Abstract
Objective
We investigate the relationship between sarcopenia components and depression in geriatric outpatients, considering the effects of potential confounding factors.
Methods
Adults ≥60 years of age were selected from outpatient clinics. Muscle strength was assessed using handgrip strength (HGS) measured using a hydraulic hand dynamometer and chair stand test (CSST). Physical performance was evaluated by usual gait speed (UGS), nutritional status, and frailty were screened by mini-nutritional assessment (MNA) questionnaire and FRAIL scale. Depression was diagnosed through a psychiatric interview and the administration of the Geriatric Depression Scale (GDS).
Results
Participants with depression were similar to participants without depression regarding age (p = .055), education (p = .095), frailty (p = .857), and HGS scores (p = .053). The group with depression had longer CSST duration (p = .023), slower UGS (p = .027), and more malnutrition (p = .001). Multivariate regression analysis revealed that only the malnutrition was independently associated factor with depression after adjusting for confounding factors.
Conclusions
Depression is associated with malnutrition and some components of sarcopenia in geriatric outpatients. Our results revealed that sarcopenia might be associated with depression through malnutrition. If malnutrition lasts for a long time, sarcopenia may become evident in the later stages of depression.
Introduction
Depression is a common and important health concern among older adults [Citation1]. Studies have reported that up to 38% of older adults may have depressive symptoms [Citation2]. Depression cannot be considered a normal process of aging. Gender, physical activity, nutrition, and socioeconomic status have been reported to be associated with depression in older adults [Citation3–5]. Geriatric depression is strongly associated with negative outcomes related to the presence of medical comorbidities, cognitive deficits, poor functioning, increased suicide risk, and overall mortality [Citation2]. Clinicians treating chronic disorders may be preoccupied with treating the medical condition and overlook screening and treatment for depression. Therefore, awareness of geriatric depression is crucial; it should be recognized and treated [Citation6].
Sarcopenia is defined as a muscle disease that can develop acutely or chronically with the recommendation of the European Working Group on Sarcopenia in Older People (EWGSOP) [Citation7]. It can be seen at any age, but it is more common in older adults. With the last recommendations of EWGSOP 2, it was aimed to facilitate the diagnosis of sarcopenia. According to the report, sarcopenia is a syndrome characterized by low levels of measures for three parameters: (1) muscle strength, (2) muscle quantity/quality, and (3) physical performance as an indicator of severity [Citation7].

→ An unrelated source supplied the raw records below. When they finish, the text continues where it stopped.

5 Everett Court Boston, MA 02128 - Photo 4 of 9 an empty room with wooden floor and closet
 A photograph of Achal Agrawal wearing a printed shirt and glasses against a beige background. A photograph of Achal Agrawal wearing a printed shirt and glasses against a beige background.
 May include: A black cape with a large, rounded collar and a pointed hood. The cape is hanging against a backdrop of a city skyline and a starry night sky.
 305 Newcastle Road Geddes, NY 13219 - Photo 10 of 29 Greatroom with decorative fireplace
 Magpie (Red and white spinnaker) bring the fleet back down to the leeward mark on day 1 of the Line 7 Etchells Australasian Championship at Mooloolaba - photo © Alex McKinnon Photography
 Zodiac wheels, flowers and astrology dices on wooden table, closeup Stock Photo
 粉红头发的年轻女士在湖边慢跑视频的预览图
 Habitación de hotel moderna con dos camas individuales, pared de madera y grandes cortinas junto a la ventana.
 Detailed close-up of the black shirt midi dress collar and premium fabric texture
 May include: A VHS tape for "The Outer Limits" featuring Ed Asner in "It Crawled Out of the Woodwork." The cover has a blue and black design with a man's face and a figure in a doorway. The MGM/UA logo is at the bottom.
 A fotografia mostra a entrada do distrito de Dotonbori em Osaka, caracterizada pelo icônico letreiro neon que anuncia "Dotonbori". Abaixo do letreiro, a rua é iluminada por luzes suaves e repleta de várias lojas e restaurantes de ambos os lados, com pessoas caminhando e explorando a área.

Sarcopenia is associated with negative consequences in many health-related areas, which may lead to immobility, decreased functionality in daily life, decreased quality of life, falls, and long-term hospitalizations in care institutions [Citation7]. Physical well-being, particularly, muscle strength – estimated by handgrip strength (HGS) – may increase health-related quality of life and is, therefore, an important source in maintaining well-being during old age [Citation7]. Chang et al. suggested that sarcopenia plays a role in the pathophysiology of depression [Citation8]. On the other hand, the results of the studies investigating the relationship between sarcopenia and depression are controversial. Some researchers found no relationship between sarcopenia and depression in older adults [Citation9–13]. However, other researchers suggested an association with depressive symptoms and diagnosis of sarcopenia [Citation5,Citation14–21]. All these studies evaluated depression with a screening scale. Therefore, further research has been recommended to uncover the relationship between depression and sarcopenia components [Citation8].
In this study, we aimed to investigate the relationship between the components of sarcopenia and depressive disorders in geriatric outpatients aged 60 and over, considering the possible confounding factors.
Methods
Study design and participants
This study was designed in a cross-sectional structure between 1 February 2019 and 1 February 2020. Participants were recruited from geriatric population aged 60 years or older who were admitted to the psychiatry and neurology outpatient clinics of Izmir Bozyaka Training and Research Hospital. At the beginning of this study, some exclusion criteria were determined. Patients with a clinical diagnosis or suspicion of dementia or mild cognitive impairment, stroke or Parkinson’s disease or other neurodegenerative disease, previous depression diagnosis or antidepressant medication use, mental retardation, morbid obesity (body mass index [BMI] ≥ 40 kg/m2), substance abuse in the last 6 months, thyroid disease, first degree relatives or close friend loss (to rule out mourning), a negative life event experience recently (to rule out reactive depression), bedridden, and conditions that might interfere with HGS assessment (e.g. hand osteoarthritis, stroke, peripheral artery disease, or neuropathy) were excluded from this study.
Ethical permission was obtained from the local ethics committee for this research (Ethics committee number: 16.01.2019–12). This study was conducted according to guidelines in the Declaration of Helsinki. Informed consent was obtained from all participants. A total of 247 participants were evaluated for this study. After the exclusion criteria, 204 participants were included in this study.
Sociodemographic and medical history characteristics, such as age, gender, marital status, educational status (recorded in years), with whom they lived, perceived economic status, smoking status, medications, and comorbidities reported by the individual, were recorded. BMI was calculated as weight (kg) divided by height (m) squared.
Assessment of depressive disorder
Geriatric Depression Scale (GDS) was developed to investigate symptoms of depression in the geriatric population [Citation22]. Depression was assessed with the help of the Turkish version of GDS [Citation23]. It comprises 30 self-rating questions with either yes or no response. Item scores are summed, resulting in a possible total score of 0–30. High scores represent more severe depression. In the total score of this scale, it is suggested that those between 0 and 9 points should be evaluated as no depression, between 9 and 14 points as depression, and above 14 points as severe depression [Citation22]. Depression score was determined with this scale and the diagnosis of depression of all participants was decided by a psychiatrist with a structured interview (Structured Clinical Interview for the Diagnostic and Statistical Manual – SCID-V) [Citation24].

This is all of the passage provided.